Exercise materials:
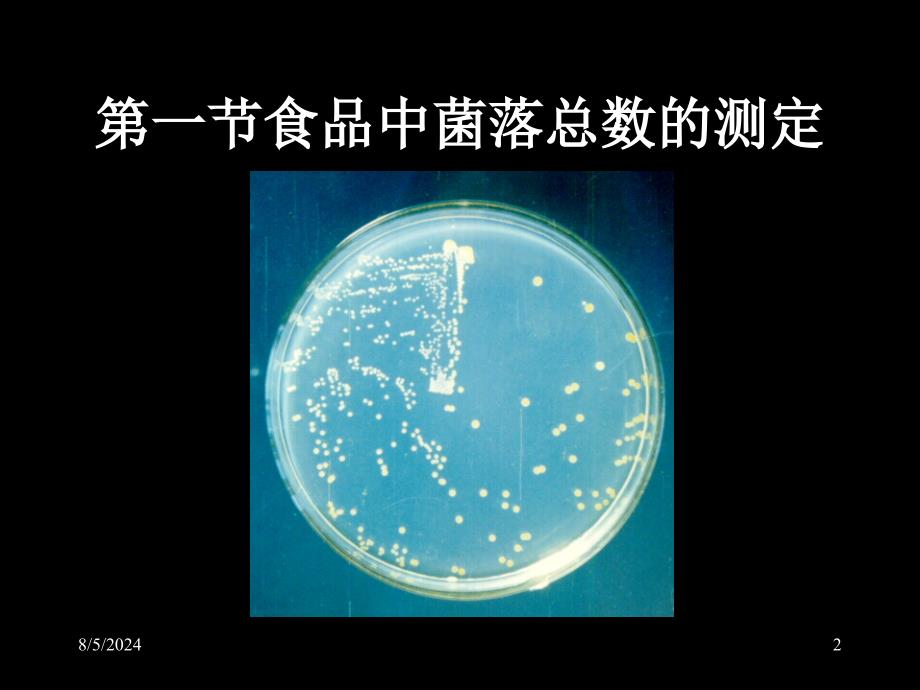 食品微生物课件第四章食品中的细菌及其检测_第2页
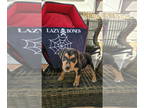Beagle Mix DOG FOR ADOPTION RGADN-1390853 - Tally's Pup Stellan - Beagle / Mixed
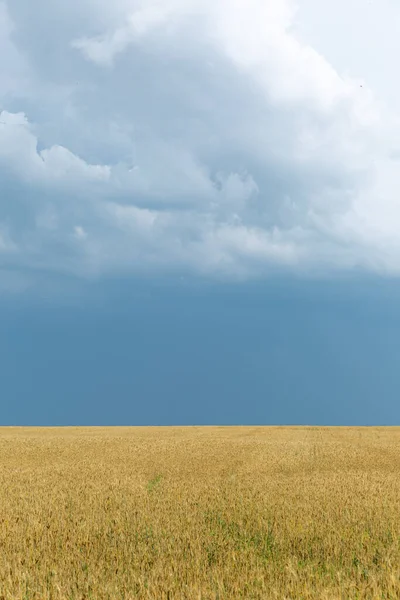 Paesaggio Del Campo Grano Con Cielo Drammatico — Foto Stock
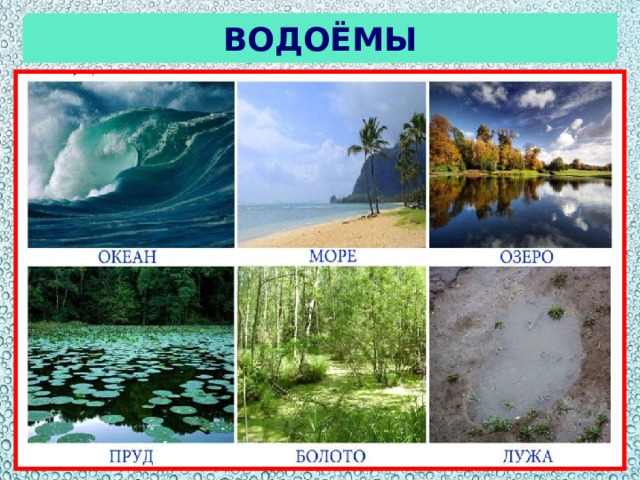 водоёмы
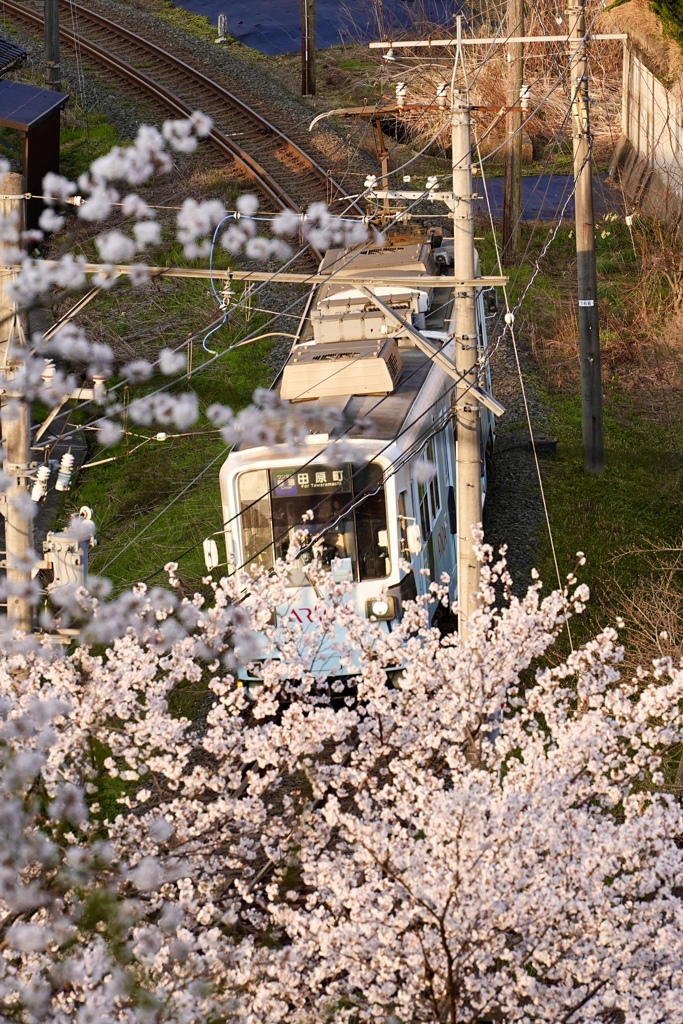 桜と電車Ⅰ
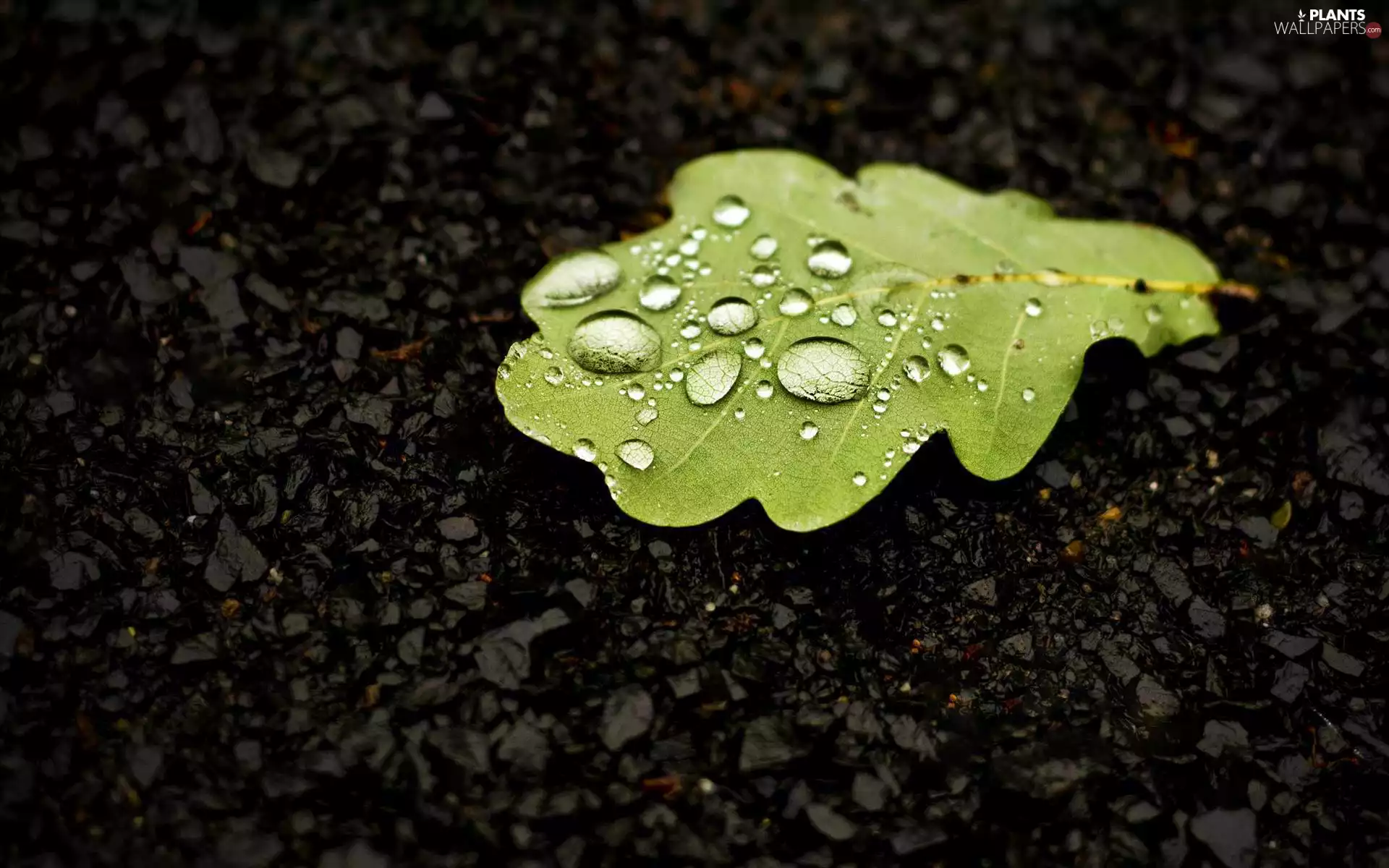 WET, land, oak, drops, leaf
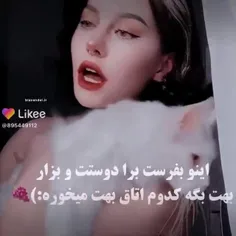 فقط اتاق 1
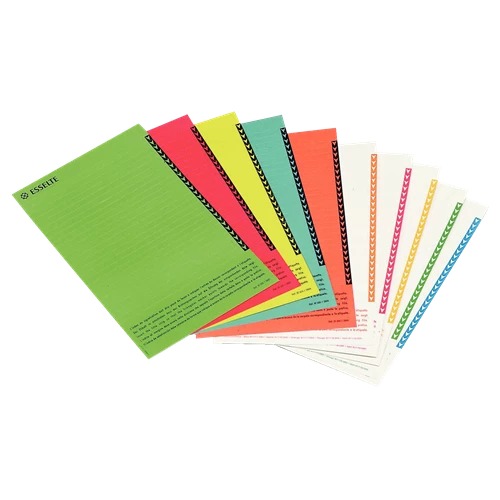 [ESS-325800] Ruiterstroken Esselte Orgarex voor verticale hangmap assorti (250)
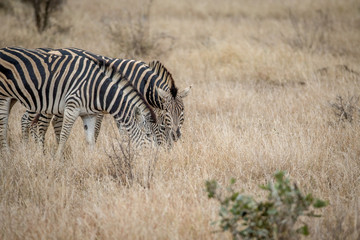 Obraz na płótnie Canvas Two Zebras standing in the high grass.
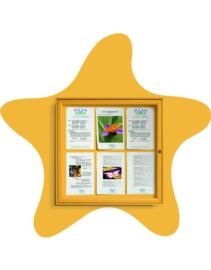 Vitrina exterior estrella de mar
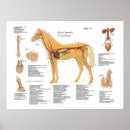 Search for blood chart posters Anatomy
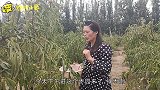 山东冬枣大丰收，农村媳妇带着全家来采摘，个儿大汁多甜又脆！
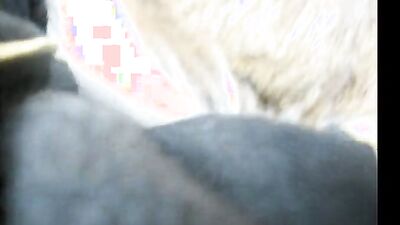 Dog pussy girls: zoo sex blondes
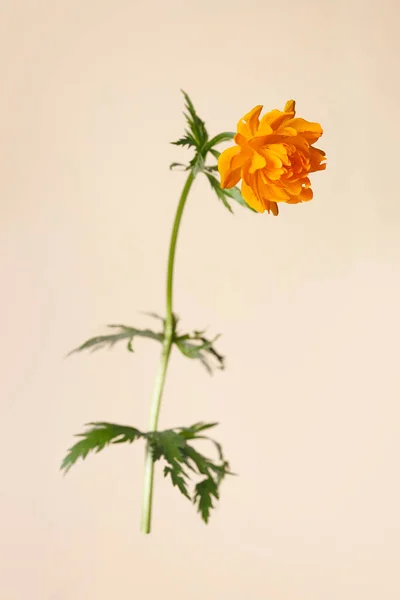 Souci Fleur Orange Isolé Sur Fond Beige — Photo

---

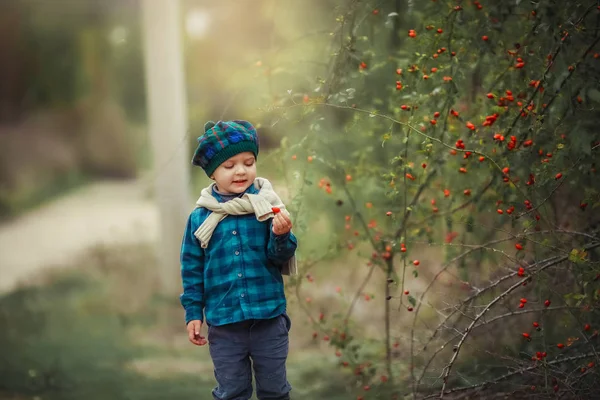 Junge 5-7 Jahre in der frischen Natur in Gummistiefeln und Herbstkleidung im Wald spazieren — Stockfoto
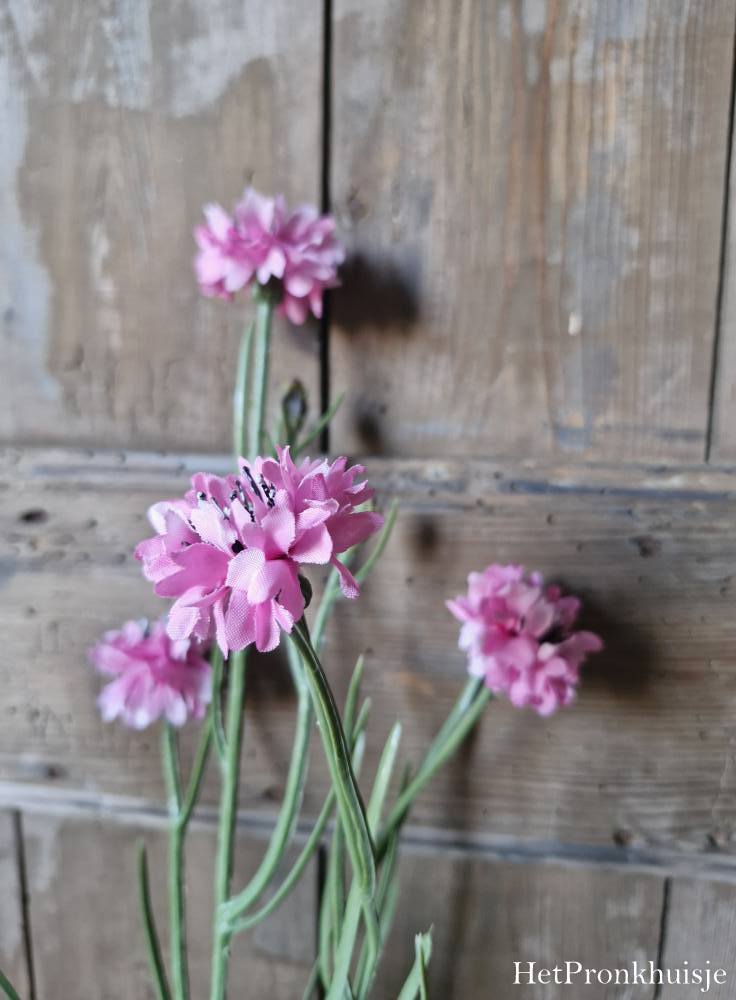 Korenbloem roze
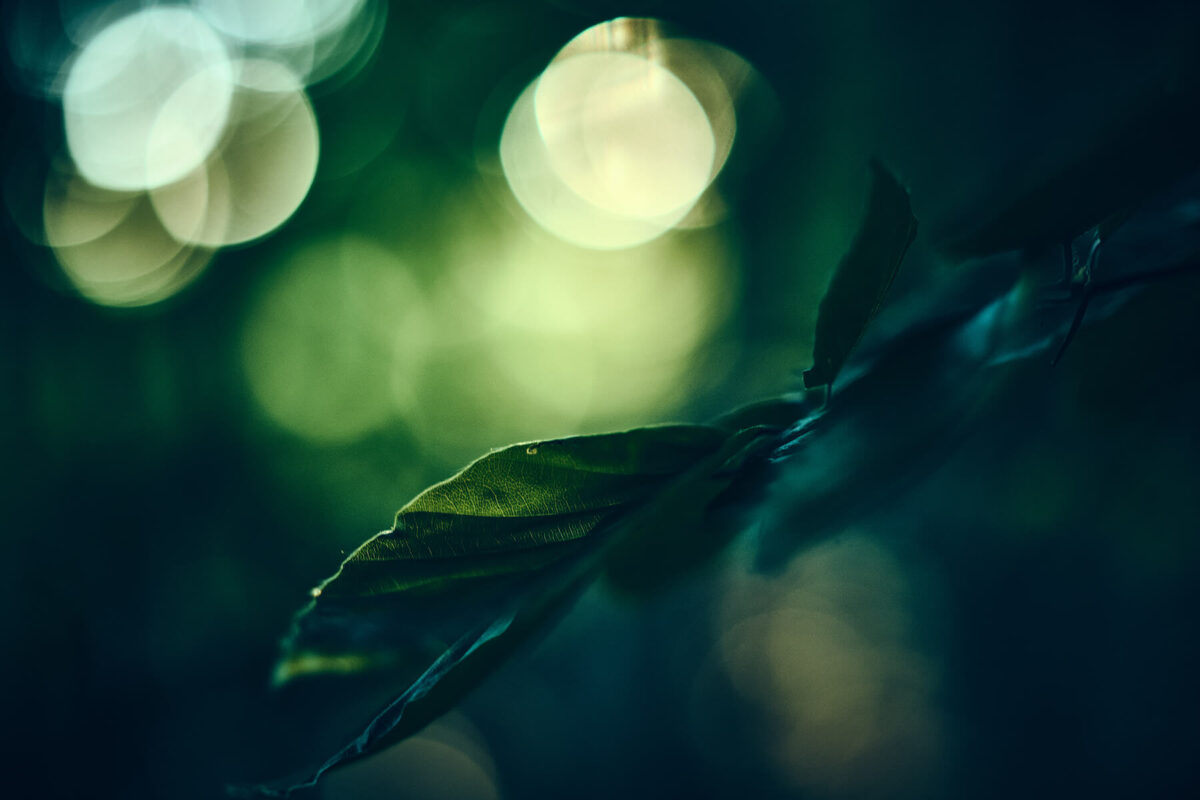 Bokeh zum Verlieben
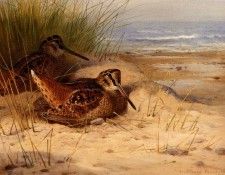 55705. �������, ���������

---

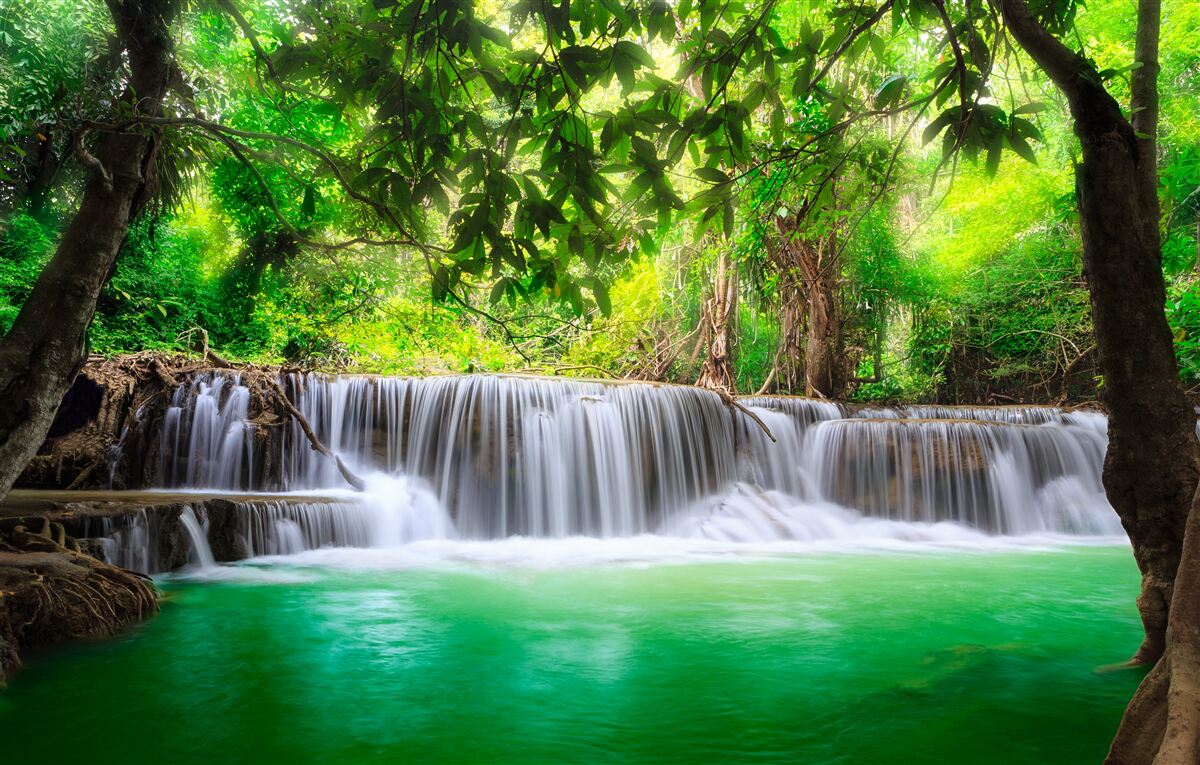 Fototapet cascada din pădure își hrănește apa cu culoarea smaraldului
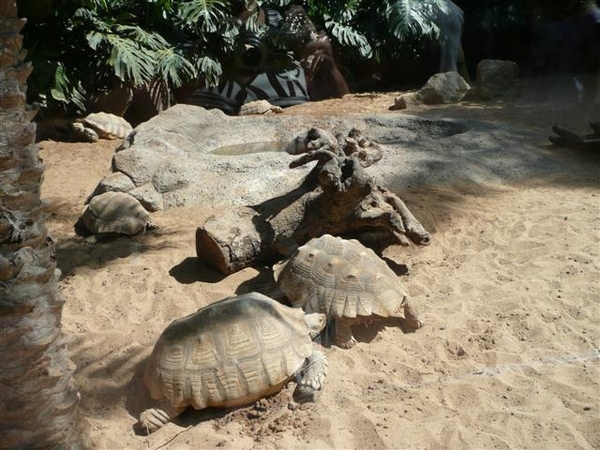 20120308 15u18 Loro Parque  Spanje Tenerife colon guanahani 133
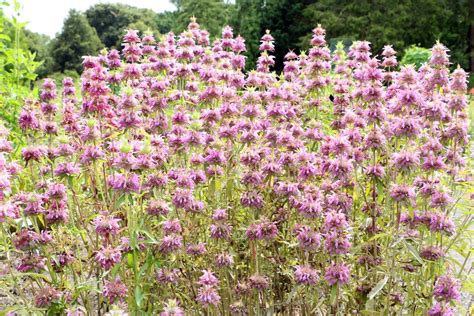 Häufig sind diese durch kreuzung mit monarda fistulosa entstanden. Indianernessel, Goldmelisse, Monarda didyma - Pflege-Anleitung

Requirement:
When you reach the line with "WET, land, oak, drops, leaf" in the records above, start writing out each line exactly, and stop after the line with "Dog pussy girls: zoo sex blondes". Pictures stay out.

Output of the task:
 WET, land, oak, drops, leaf
 فقط اتاق 1
 [ESS-325800] Ruiterstroken Esselte Orgarex voor verticale hangmap assorti (250)
 Obraz na płótnie Canvas Two Zebras standing in the high grass.
 Vitrina exterior estrella de mar
 Search for blood chart posters Anatomy
 山东冬枣大丰收，农村媳妇带着全家来采摘，个儿大汁多甜又脆！
 Dog pussy girls: zoo sex blondes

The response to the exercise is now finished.